> [What is required]: Copy verbatim the span of lines beginning at the line that contains "DataSheet OPA2652 pdf" and ending with the final line of the data. Exclude pictures from the copy.

> [Information provided]:
____
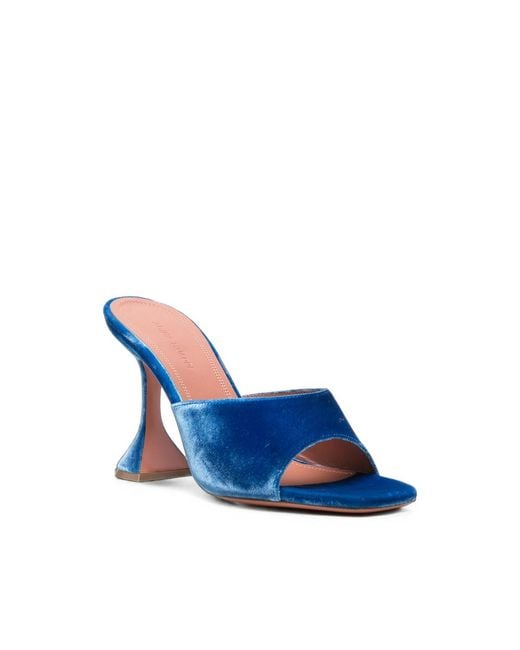 AMINA MUADDI Blue Shoes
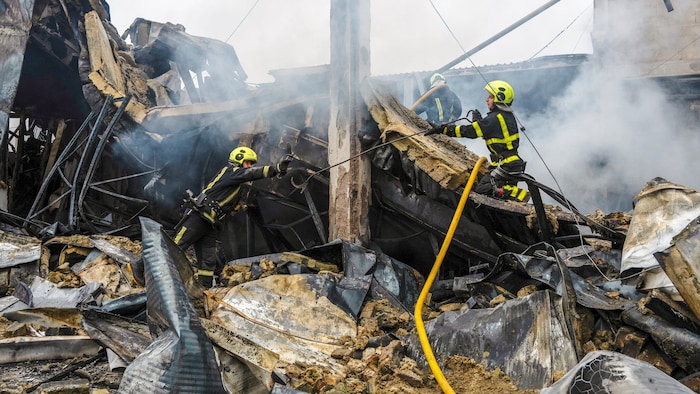 Auswirkungen der Raketenangriffe auf die ukrainische Hauptstadt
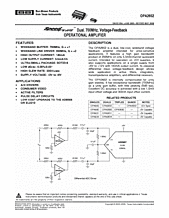 DataSheet OPA2652 pdf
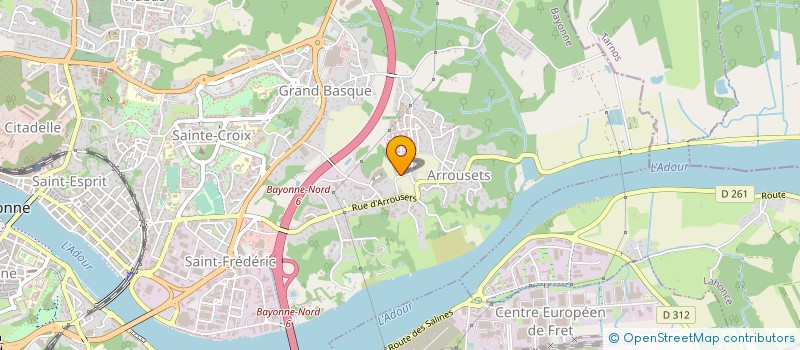 localisation de l'entreprise ASSOCIATION J&JU  BAYONNE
____
> [Worked solution]:
 DataSheet OPA2652 pdf
 localisation de l'entreprise ASSOCIATION J&JU  BAYONNE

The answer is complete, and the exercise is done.